Hepsi o kadar mı? Hayır, ölümsüzlük ayrıca.
-Bütün kadınlar benimdi, ben bütün kadınlarındım. Hepimiz
birbirimizde pay sahibiydik. Erkekler de içindeydi bunun, onlarda da ben
vardım, onlar da bana yabancı değillerdi. Onların gülmesi benim gülmemdi,
onların flörtleri benim, benim flörtlerim onlarındı.
-Kişiliğiniz, içine kapatıldığınız bir hapishanedir.
-Bir annenin beni dünyaya getirmesiyle suçlu biri olup
yaşamaya mahkum ediliyor, şu ya da bu devletin vatandaşı olmak, askere gitmek,
öldürmek, silahlanma için vergi ödemekle yükümlü kılınıyorum.

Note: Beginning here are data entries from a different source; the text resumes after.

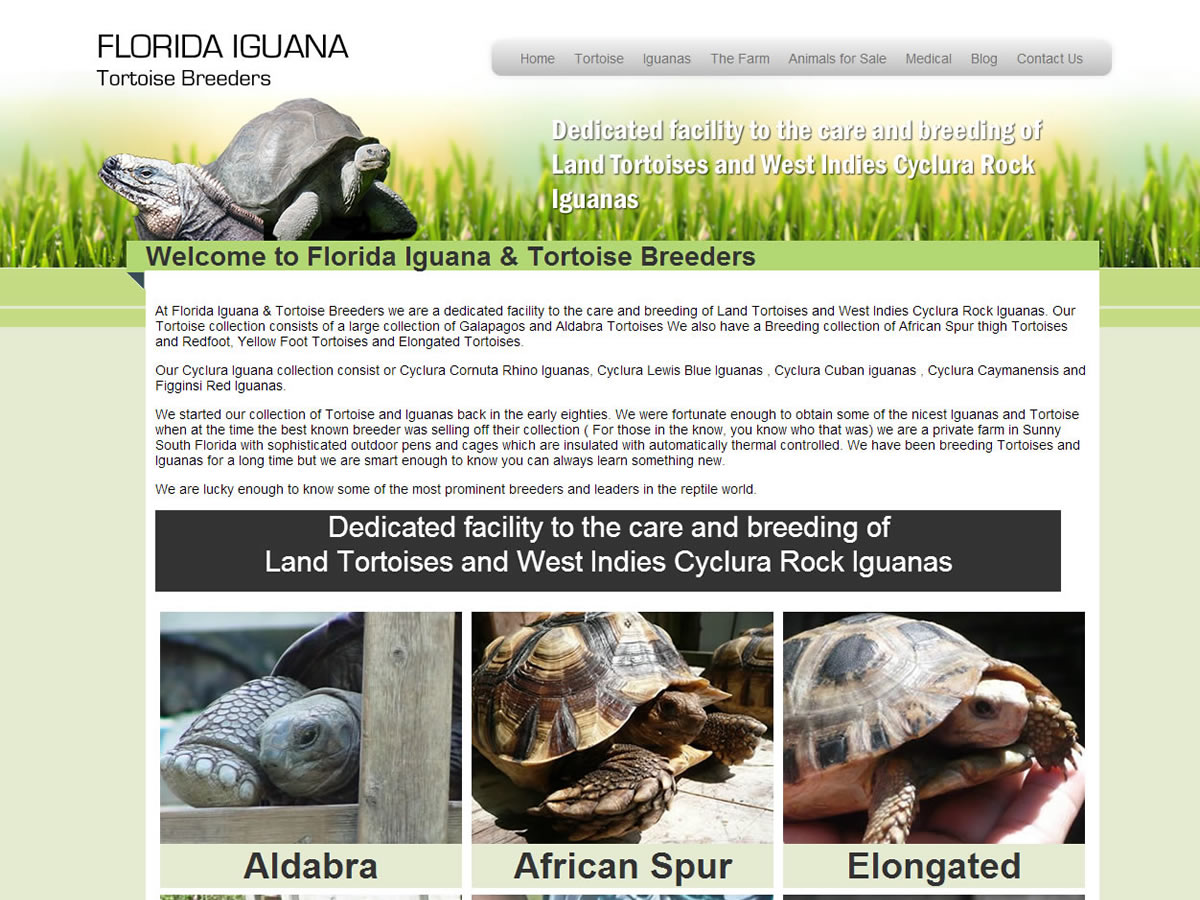 Florida Iguana and Tortoise Breeders
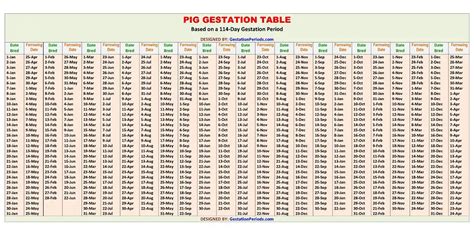 Hog Gestation Calendar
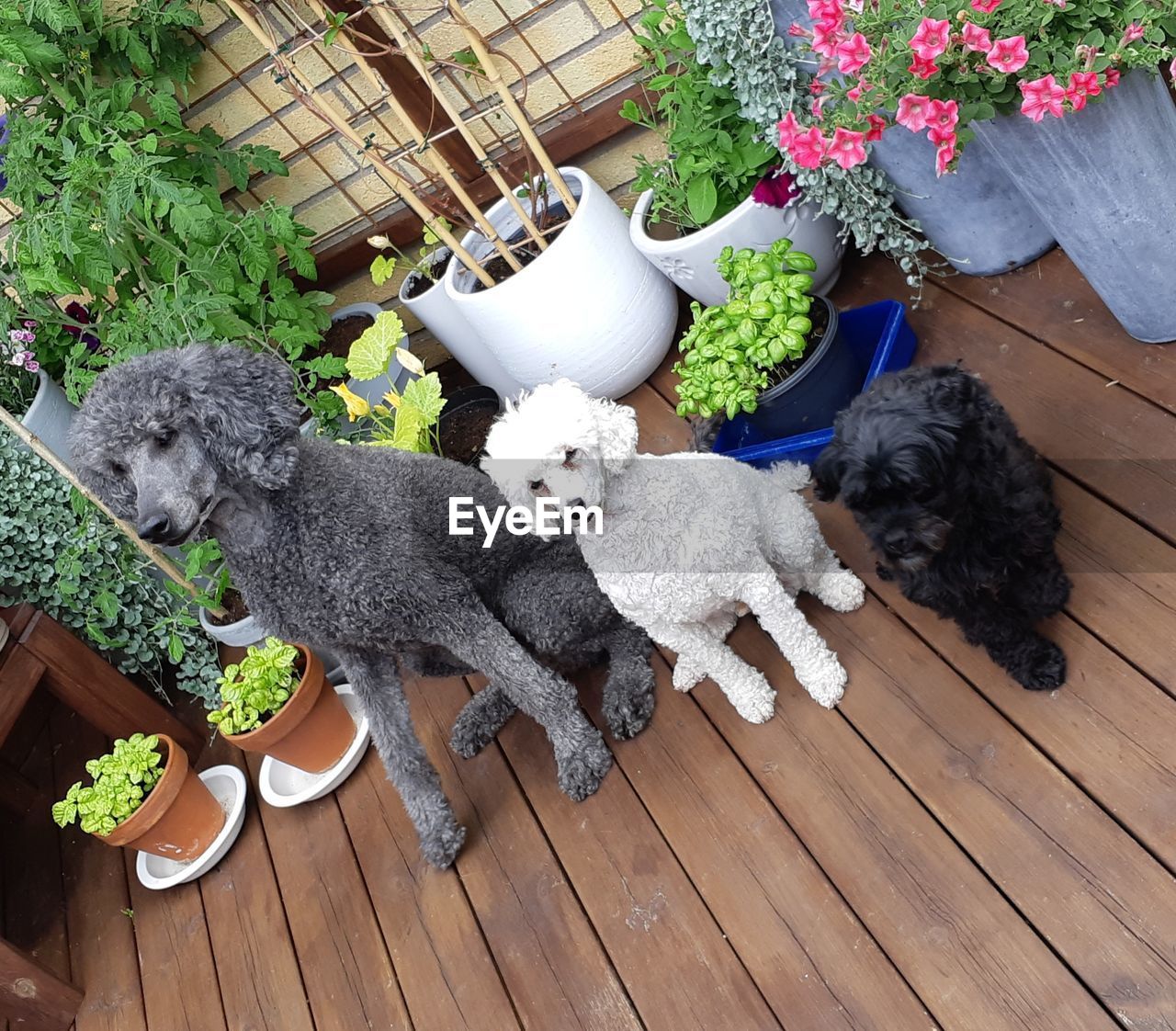 HIGH ANGLE VIEW OF DOG BY FLOWER POTS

-İnsan bir yığın ruhtan, pek çok ben’den oluşur. Sözde
bütünlüğü dağıtıp parçalayarak kişiliği pek çok ben’ e ayırmak delilik sayılır,
bilim şizofreni diye niteler bunu. Belli bir çocukluğun belli bir düzen ve gruplandırma
olmaksızın denetim altına alınamayacağı düşünülürse, bilim bu tutumunda
haklıdır. Ancak, pek çok alt ben’in birkezliğine, bağlayıcı, yaşam boyu
varlığını koruyacak bir düzene sokulabileceği inancında da haksızdır.
-Kişiliğin Kurulmasına Rehberlik; Ben’inin parçalanıp
dağılması olayını yaşamış kişiye, parçaları nasıl her zaman dilediği düzen
içinde yeniden bir araya toplayıp yaşam oyununda sınırsız bir çeşitlilik
sağlayabileceği öğretilir. (Bir yazarın bir avuç kişiden bir oyun yazıp
çıkarması gibi)
-Ben’ in parçalarını kullanarak değişik modülasyonlar, değişik
tempo ile yaşamınızın oyununa dilediğiniz biçimi verebilir, onu dilediğiniz
gibi canlandırabilir, karmaşık duruma sokabilir ve zenginleştirebilirsiniz, bu
sizin elinizde.
-Delilik yüksek bir anlamda tüm bilgeliğin başlangıcıysa,
şizofreni de tüm sanatın, tüm düşlerin başlangıcıdır.
-Ben’ in parçaları ile kurduğunuz oyunda, baktınız ki bir
figür bugün çekilmez bir umacıya dönüştü de oyunbozanlık ediyor, ertesi gün onu
ikinci derecede zararsız bir figür konumuna indirgeyebilir, bir süre başına
gelmedik kötülük kalmayan zavallı ve gözde bir figürü ise bir sonraki oyunda
prenses konumuna yükseltebilirsiniz.
-Ciddiye alınmaya değer şeyleri ciddiye almasını öğrenin.
-Gülmeyi öğreneceksiniz. Bu yaşamın mizahına, bu yaşamın
kara mizahına akıl erdirmeniz gerekiyor.